PROBLEM STATEMENT:
Some lines hold the string "Motor". Copy all of them from the material that follows.
═════ RAW DATA
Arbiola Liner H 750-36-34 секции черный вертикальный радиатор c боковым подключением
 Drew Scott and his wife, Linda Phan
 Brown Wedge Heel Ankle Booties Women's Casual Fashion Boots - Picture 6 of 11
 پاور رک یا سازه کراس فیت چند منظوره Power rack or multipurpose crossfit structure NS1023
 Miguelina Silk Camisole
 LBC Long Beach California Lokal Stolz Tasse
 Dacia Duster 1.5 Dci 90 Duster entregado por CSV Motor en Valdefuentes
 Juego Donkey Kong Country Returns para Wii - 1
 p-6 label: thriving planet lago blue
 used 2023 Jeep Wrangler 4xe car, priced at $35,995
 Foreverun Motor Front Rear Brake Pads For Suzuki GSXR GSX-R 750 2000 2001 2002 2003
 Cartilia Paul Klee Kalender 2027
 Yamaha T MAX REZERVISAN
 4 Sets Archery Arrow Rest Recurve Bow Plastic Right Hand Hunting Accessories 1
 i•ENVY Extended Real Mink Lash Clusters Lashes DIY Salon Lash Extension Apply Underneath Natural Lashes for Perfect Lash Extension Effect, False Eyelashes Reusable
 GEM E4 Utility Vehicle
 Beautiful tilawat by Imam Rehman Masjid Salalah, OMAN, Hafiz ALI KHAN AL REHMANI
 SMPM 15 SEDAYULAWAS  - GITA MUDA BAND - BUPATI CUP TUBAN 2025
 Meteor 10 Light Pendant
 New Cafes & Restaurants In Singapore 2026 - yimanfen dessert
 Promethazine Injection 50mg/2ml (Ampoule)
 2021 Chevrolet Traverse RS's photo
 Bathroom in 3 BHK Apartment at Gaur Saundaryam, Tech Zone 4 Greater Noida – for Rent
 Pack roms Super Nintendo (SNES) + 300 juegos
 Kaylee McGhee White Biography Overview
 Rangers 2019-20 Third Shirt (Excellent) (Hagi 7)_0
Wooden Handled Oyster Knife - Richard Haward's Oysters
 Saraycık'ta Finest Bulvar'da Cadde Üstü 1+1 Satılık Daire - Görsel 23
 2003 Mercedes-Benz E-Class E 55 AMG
══════════
THE ANSWER:
 Dacia Duster 1.5 Dci 90 Duster entregado por CSV Motor en Valdefuentes
 Foreverun Motor Front Rear Brake Pads For Suzuki GSXR GSX-R 750 2000 2001 2002 2003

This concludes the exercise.